Hey duke not sure which "best" farmers have left - remember farmers are farmers they generally cannot/will not do anything but farm and you will find that in the northern cape, eastern cape and free state mostly all farms are still held by original owners or their sons, We have very good farmers in SA and over the last couple of years growth in value of land has been excellent.Most countries subsidies their farmers but not in this country i agree governement have to look after our farmers
So many of these emerging market countries that are prosperous today have long ago laid the foundations of good education. It is THE most important thing that this country needs to address. An also , I am sure that it bothers many of us that we cannot see a good leader that can take South Africa forward.
I agree with all the formites. The farmers are still there but for how long, my father in law is a farmer and he makes his living of cattle and the reapair of tractors and implements for the emerging farmers. But that is where it ends, there need to be some form of training and education.We all have heard of farms being handed over to communities and with no training or leadership these farms fail and become commercialy inactive. Plonky you are right .....get the coal, do a JV with a company secure the prospecting licence.. retire early in life and go sip on alcoholic juices on a beach of your choice!

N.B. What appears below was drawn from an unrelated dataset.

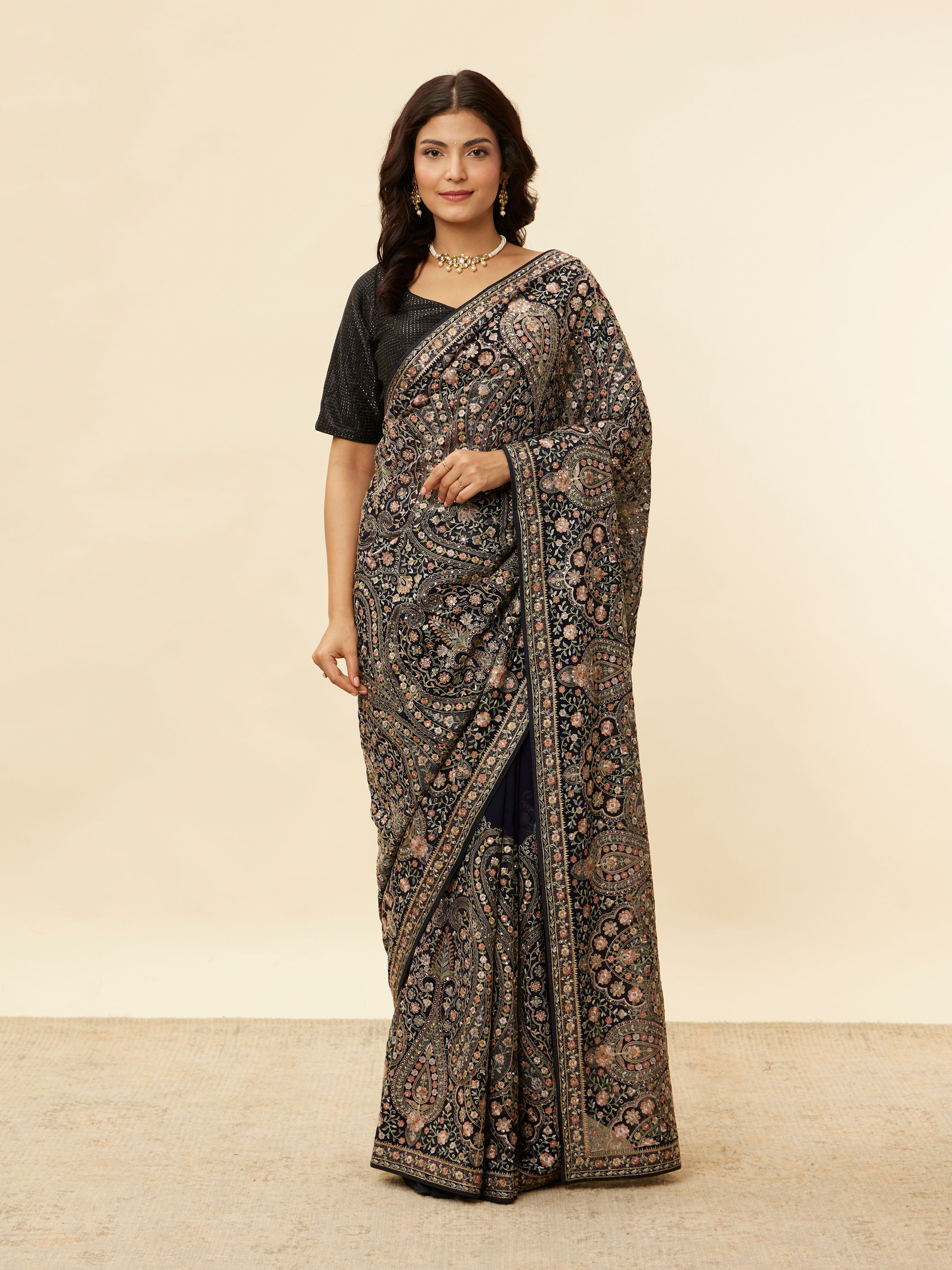Mohey Women Midnight Blue Paisley Embroidered Sequined Saree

Just some comment about the "education": The most important thing in this country is to teach the majority how to work - not how to let fingers work on a keyboard, but how to work with a shovel and how to "drive" a wheelbarrow. Large parts of the agricultural sector already faces a shortage of labor. Grain farmers can overcome the problem with additional mechanising (and some change to white labor in the process) but sectors such as livestock and labor-intensive farming experience an increasing problem. Increasing cost of labor and shortage of productive labor also makes the farming business less and less profitable.